The Appearance of Christ Gives Us a Deeper Understanding of the Resurrection
In the Catholic “mysticism” tradition, there are many accounts of Jesus’ appearing to people. It’s easy to dismiss all of these experiences because Catholics tend to believe in superstitious accounts, such as the appearance of the Virgin Mary. I once translated a Catholic documentary that described the Virgin Mary’s appearance to many people. Personally, I think this is just a superstition, like the stories of idols appearing in Chinese idol temples. Martin Luther saw the corruption in the Catholic church and decided to completely deny all such experiences. He overcompensated by taking refuge in rationality. But we must not throw out the baby with the bathwater. We need to distinguish which of these are superstitions and which are real manifestations of the Lord’s presence.

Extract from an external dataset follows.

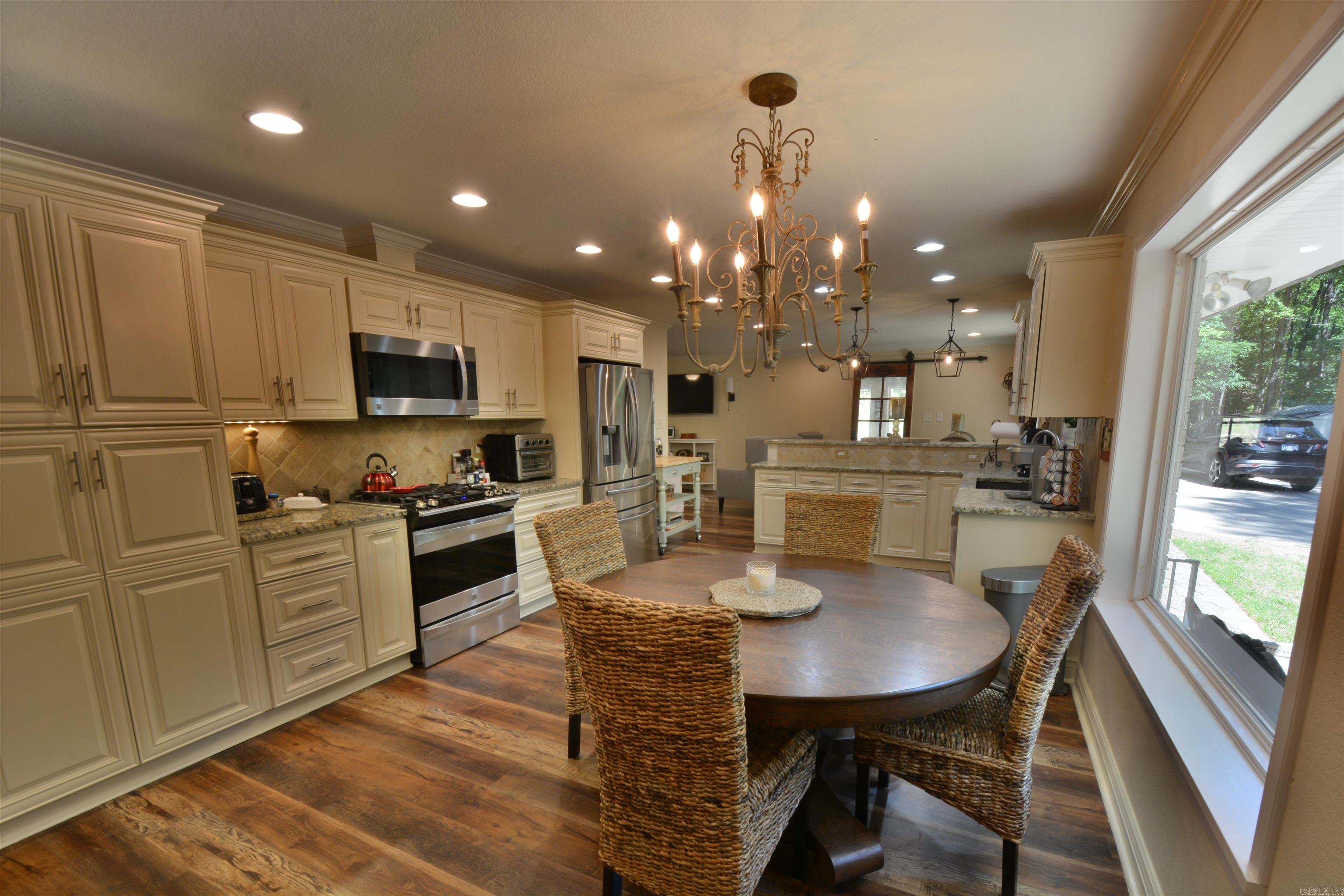 MOORE & SUMMER - Residential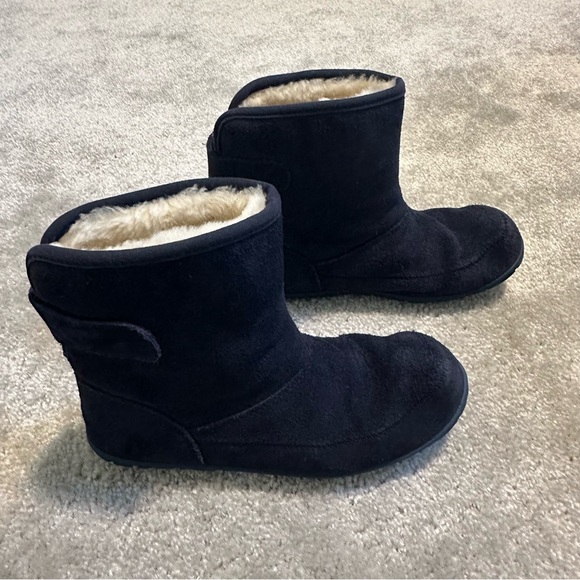 LL Bean Wicked Cozy Big Kids Size 6 Lamb's Wool Classic Navy Boots - Picture 1 of 11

After the Reformation, the church began to emphasize the prominence of Scripture and to ignore spiritual experience. This led to a focus on dry dogma. However, the saints in the Bible almost all experienced God’s personal presence to some extent.
When Jesus appears to us, it ignites our love for him. At least that has been my experience. After I was baptized in 2002, I lost interest in spiritual things. But during a conference in 2004, the Lord appeared to me and spoke to me personally, calling me to dedicate myself to Him. After that day, I began to love the Lord like crazy.
I believe we need to oppose the false teaching that leads people to ignore personal spiritual experiences. We need to bravely pursue the appearance of Jesus Christ. Remember, Jesus promised to manifest Himself to those who love Him (John 14:21). In John 20, Jesus patiently helped each of his disciples overcome their obstacles so they could each experience the presence of the resurrected Christ. He will do the same for each of us today.